寒い里のことなので、ここでは梅と桜と桃と杏がほぼ同時期に花開き、一気に春が来た様相を呈す。
中でも焔屋敷の庭は手入れが行き届いているので、長い間庭木の花が楽しめることで有名なのであった。
「おかげで昼は母が客を呼びたがるのでうるさくてかなわないよ」
焔屋敷の若主人である麗羅が縁側で足をぶらぶらとさせた。
「これだけ見事なんだから、小母様が見せびらかしたくなる気持ちはよくわかるけどな」
花の香りの中に立つのは小龍だ。
「…子供じゃないんだから、玄関から入ってくればいいのに」
麗羅が笑うと、小龍も笑った。
小さい頃から小龍は庭から屋敷に入ってくる。
「お姉様方は」
「出てるよ。だから呼んだんじゃん」
わかってるくせに、と言いながら麗羅が白濁した液体の入った瓶を取り出す。
祖母秘伝の甘酒だ。
桃の節句には焔屋敷の娘衆が中心になって、本陣では盛大なひな祭りが行われる。
麗羅も昔はつきあっていたのだが、ここ数年は夜は自宅に戻って、留守を預かることにしていた。

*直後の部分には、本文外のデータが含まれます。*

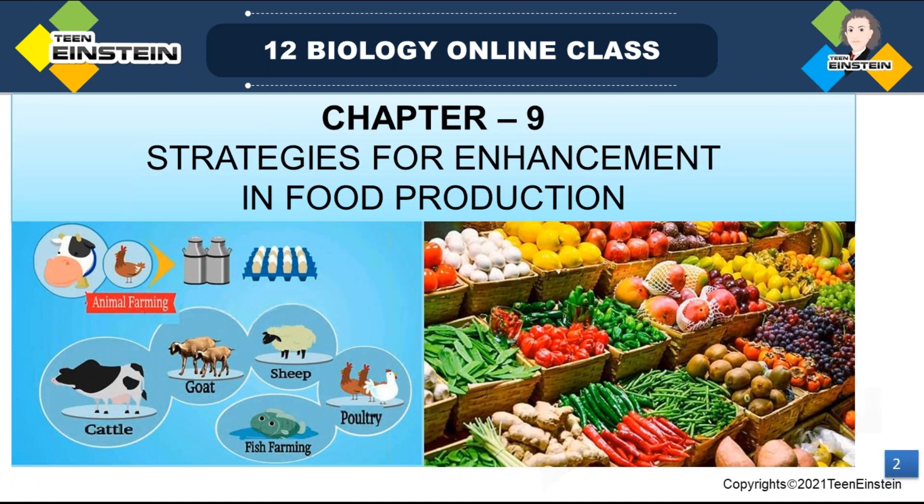We are learning about food production and the enhancement of that food production — what techniques we are implementing. So many biological principles have been applied in animal husbandry and in plant breeding, which have a major role in food production.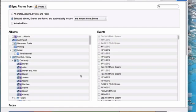You do similar things for the other sections in iTunes.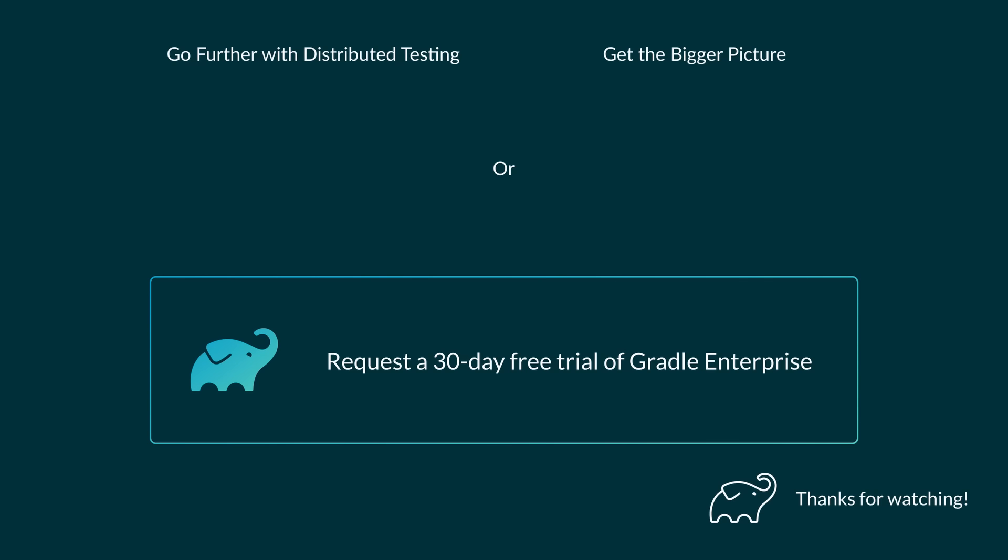Now, if you liked this video, I suggest checking out the distributed testing video where we show how you can run your tests faster. There's much more to Gradle Enterprise, though. You can learn all about its tools in the in-depth demo video, or you can simply try Gradle Enterprise and let the data speak for itself. Just click the link below. Thanks for watching.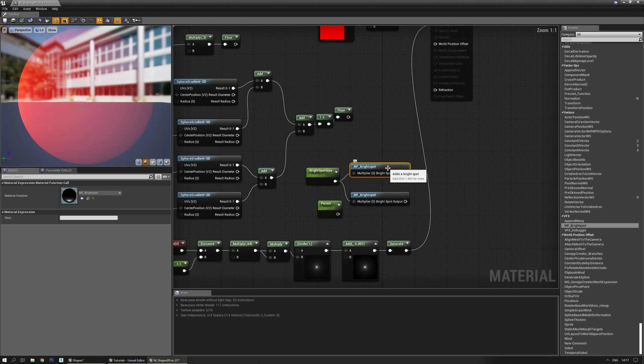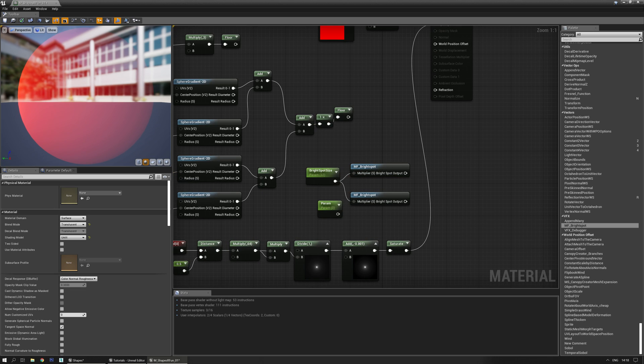So there's that — now you know how to make some weird nice shapes without using a texture, and you might have learned how to make your first material function. Alright, that's it. Take care and have a nice day — Luos out.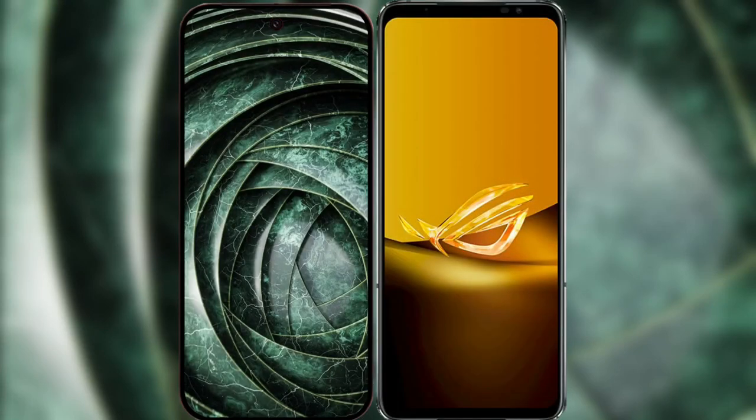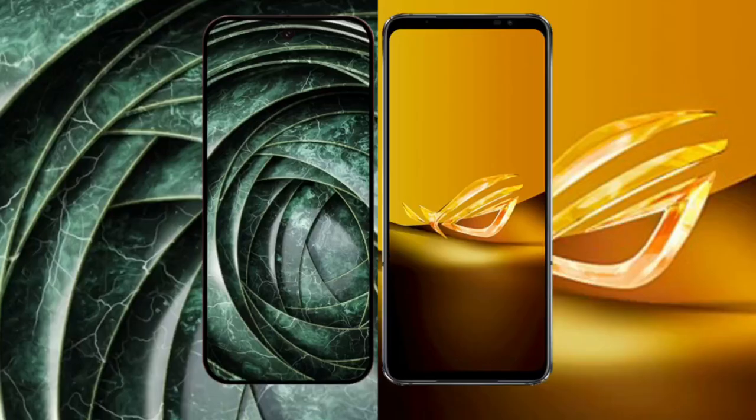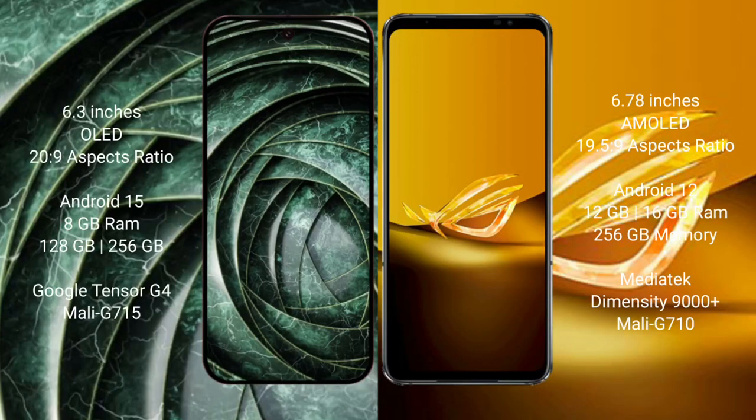I will compare the new Google Pixel 9a with the ASUS ROG Phone 6D. Google Pixel 9a has a 6.3-inch LED display and Snapdragon 20s to 9. ASUS ROG Phone 6D has a 6.78-inch AMOLED display and Snapdragon 19s to 5s to 9.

いつからか、夜の桃見に小龍が呼ばれるようになり、何回目かの春になる。
「こうしていると、また春が来たんだなあって思うよ」
小龍が杯を受け取る。
「そうだね」
ま、一杯、と麗羅が甘酒を注ぐ。
月はまだ昇って来ない。
(060303)
ぬるい話でごめんなさい。
ちなみに今年の桃の節句の月は細い上弦の月でした。